In in the meanwhile, I’m roughing it out here in Italy. We’re right now anchored in front of the old city of Monopoli. Octopus taste better grilled than raw, by the way:
This is a pump gas run with 16 psi boost. The peak power was 715 rwhp, which indicates good scaling with boost. Recall that my SWAG for the engine without boost is 340 rwhp and (16+14.7)/(0+14.7)*340 = 710 so it’s scaling nicely. With my simple formula for crank ho, I’d say we’re close to 820 at the crank. John’s goal on pump gas is 750 rwhp / 860 crank up, so boost still needs to go up.
John’s mapping process is inching up boost and rpm, little by little. The car is now at 730 rwhp at 6450 rpm, and this may be close to pump gas limits.

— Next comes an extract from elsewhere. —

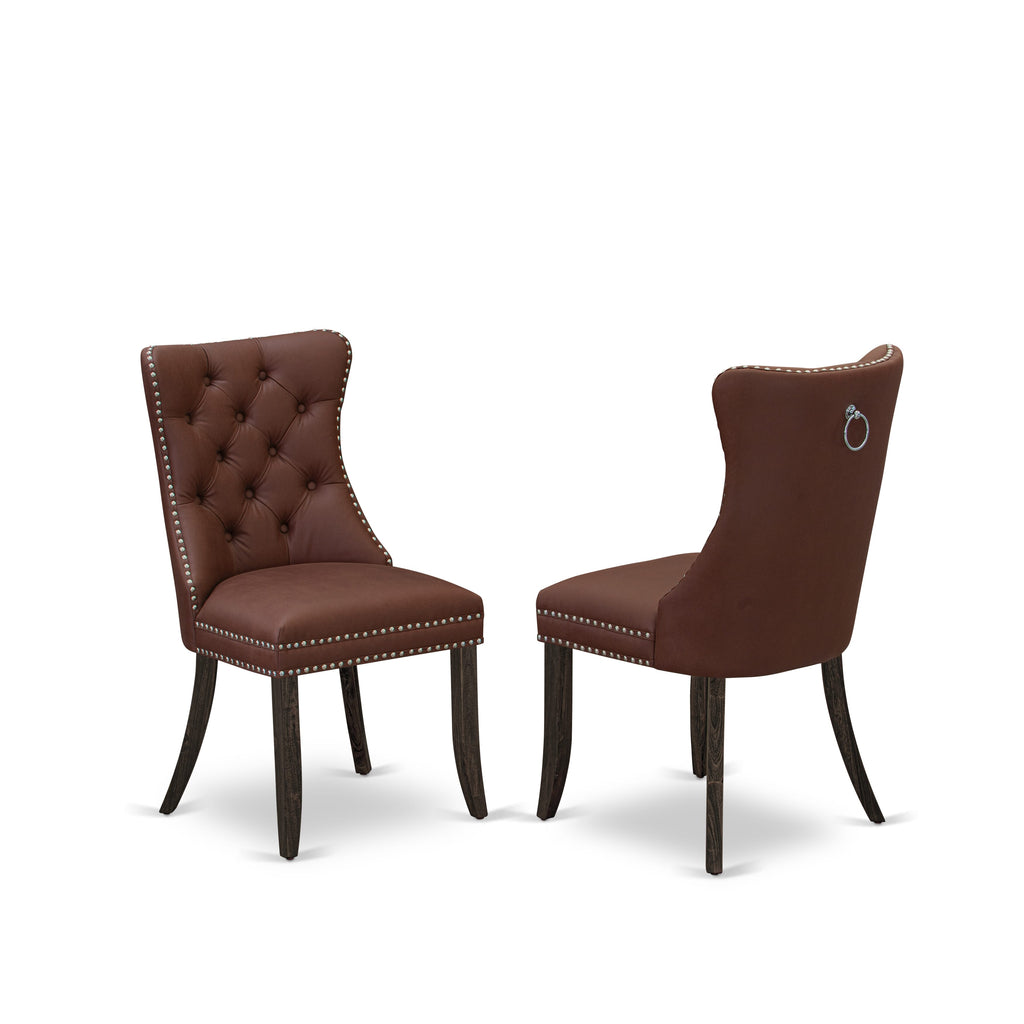 Sillas de comedor Parsons Dallas DAP7F26 de East West Furniture, tapizadas en piel sintética color burdeos con botones capitoné y ribete de tachuelas.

My highly personalized and super unofficial transmission loss formula would SWAG the engine power at 730/.88+10*(6450/6000)^2 = 841 crankshaft hp, where I’m taking torque losses at proportional 12% and transmission wind age losses at 10 hp at 6000 rpm. The engine power guesstimates are only relevant to trying to understand what is happening inside the engine anyway, so there’s no inherent meaning in that crank hp number anyway.
In the meanwhile, I was in a cooking class of all the places:
Stunning results from the dyno, but need more Italian food pictures. The wine is probably no good either, right?

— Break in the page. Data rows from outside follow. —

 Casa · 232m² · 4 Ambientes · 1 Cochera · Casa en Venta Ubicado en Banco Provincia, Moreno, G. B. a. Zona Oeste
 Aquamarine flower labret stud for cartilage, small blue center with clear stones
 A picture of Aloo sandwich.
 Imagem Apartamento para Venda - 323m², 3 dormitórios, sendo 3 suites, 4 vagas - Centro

Some of the wine is great or very good, and in the rare cases when it’s merely ok you can make it by drinking more of it.

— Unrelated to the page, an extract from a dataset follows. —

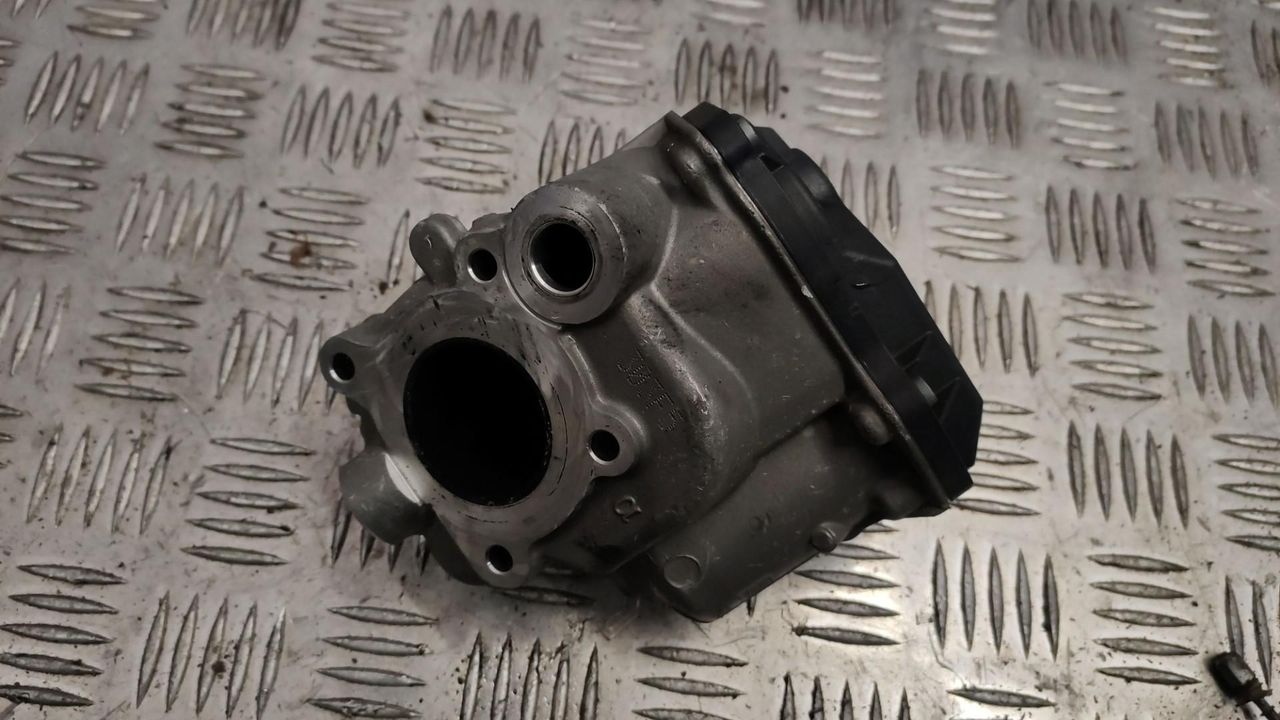 клапан EGR Mercedes-Benz GLC-Класс X253/C253 2016, 2.2 л., дизель, 6511400660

In terms of tuning, one of the reasons why the car is getting tuned in 97F weather is that this is likely to give a safe tune on pump gas. The car will not want to make more than 730-750 rwhp in this weather on 93 pump fuel. I’m thinking that estimated 850 hp at the crank is enough for this iteration on pump gas.
Making more power on pump gas would require either much higher rpms, lower compression, or larger displacement. Larger displacement is counterproductive from the standpoint of running the 928 five speed transmission and wet sump oiling at high rpms. Lower compression is counterproductive from the perspective of off-boost torque and transmission longevity. Finally, higher rpms are counterproductive from the perspective of wet sump oiling. So it’s kind of where it is.
At each rpm, the maximum torque is constrained by knock probability on the one hand and exhaust gas temperature on the other hand. As the boost goes up, the tuning window between earlier ignition advance that increases the knock probability and later ignition retard that increases the exhaust gas temperatures gets narrower and narrower. There’s more fine tuning to be done at each 500 rpm band on this for sure.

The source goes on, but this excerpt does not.